Data section:
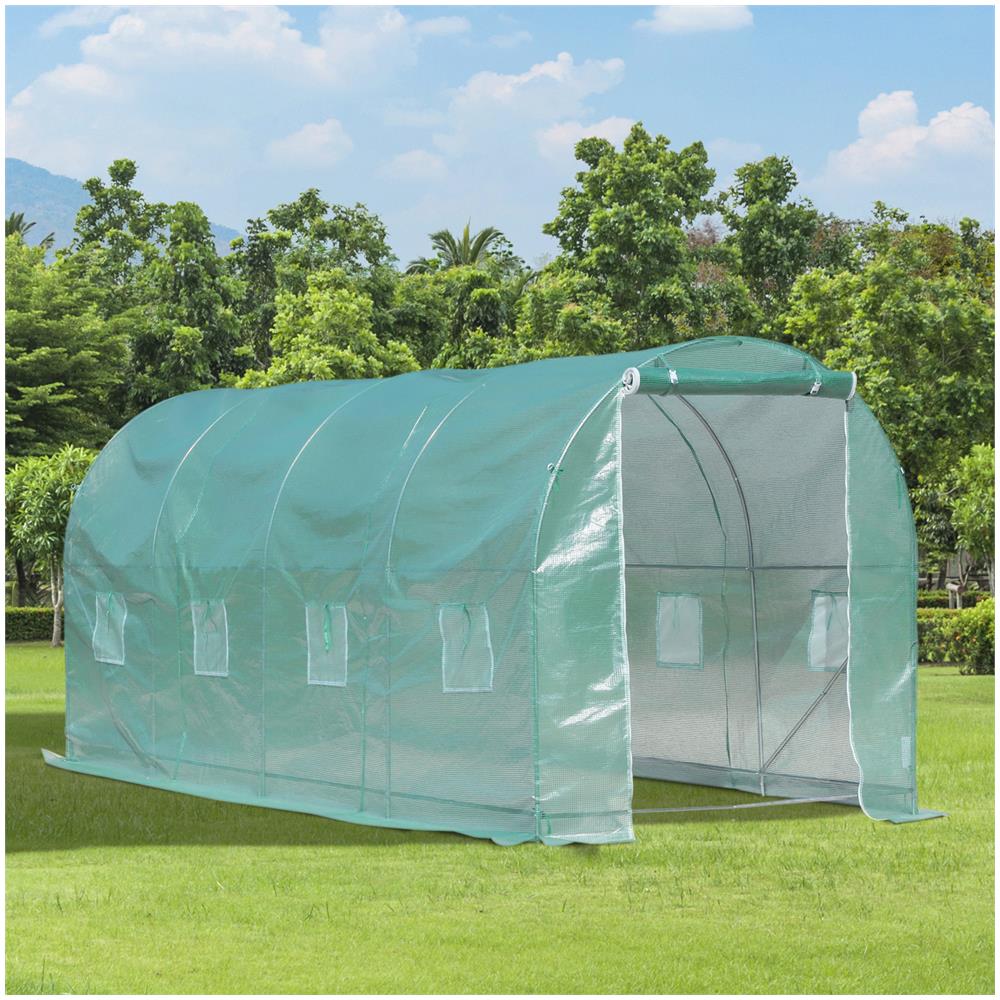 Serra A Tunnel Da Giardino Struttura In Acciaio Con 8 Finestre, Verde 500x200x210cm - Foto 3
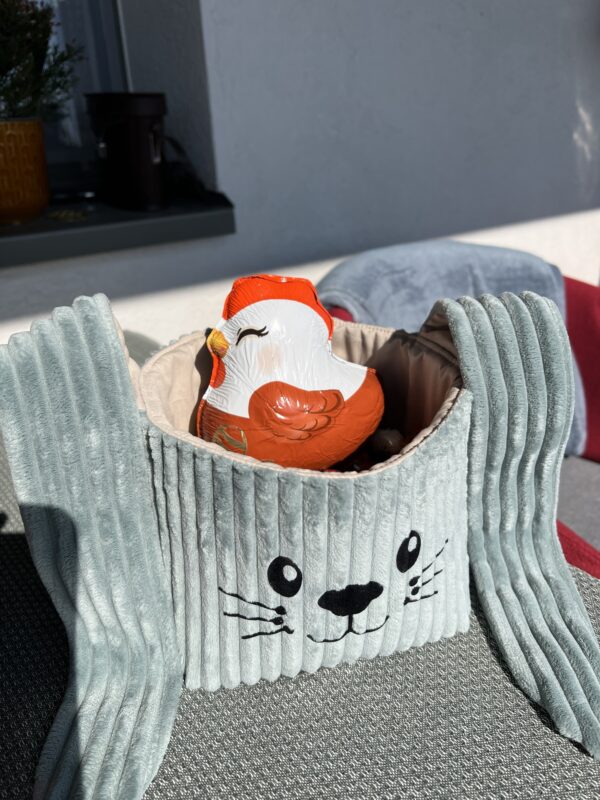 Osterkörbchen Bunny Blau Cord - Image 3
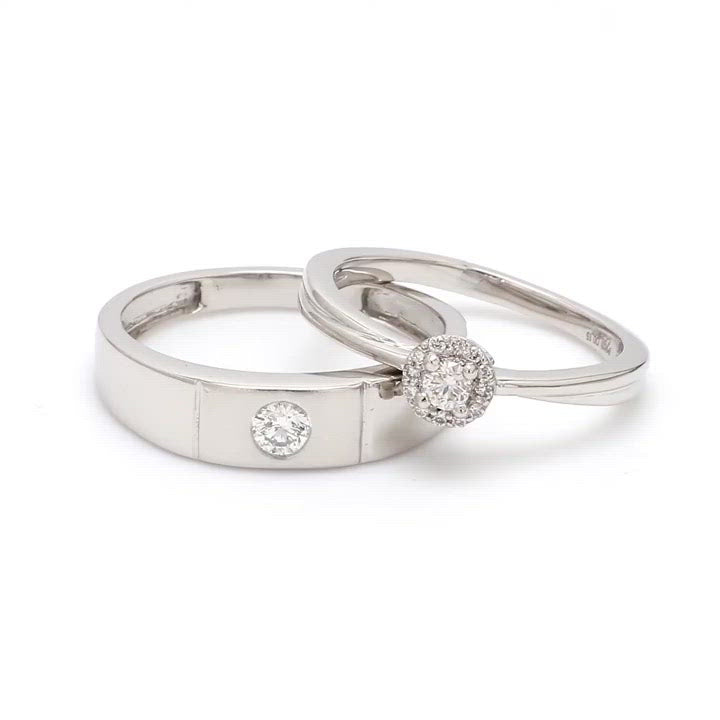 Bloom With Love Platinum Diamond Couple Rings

Prompt: Set down the whole listing word for word, omitting the pictures.

Answer box:
 Serra A Tunnel Da Giardino Struttura In Acciaio Con 8 Finestre, Verde 500x200x210cm - Foto 3
 Osterkörbchen Bunny Blau Cord - Image 3
 Bloom With Love Platinum Diamond Couple Rings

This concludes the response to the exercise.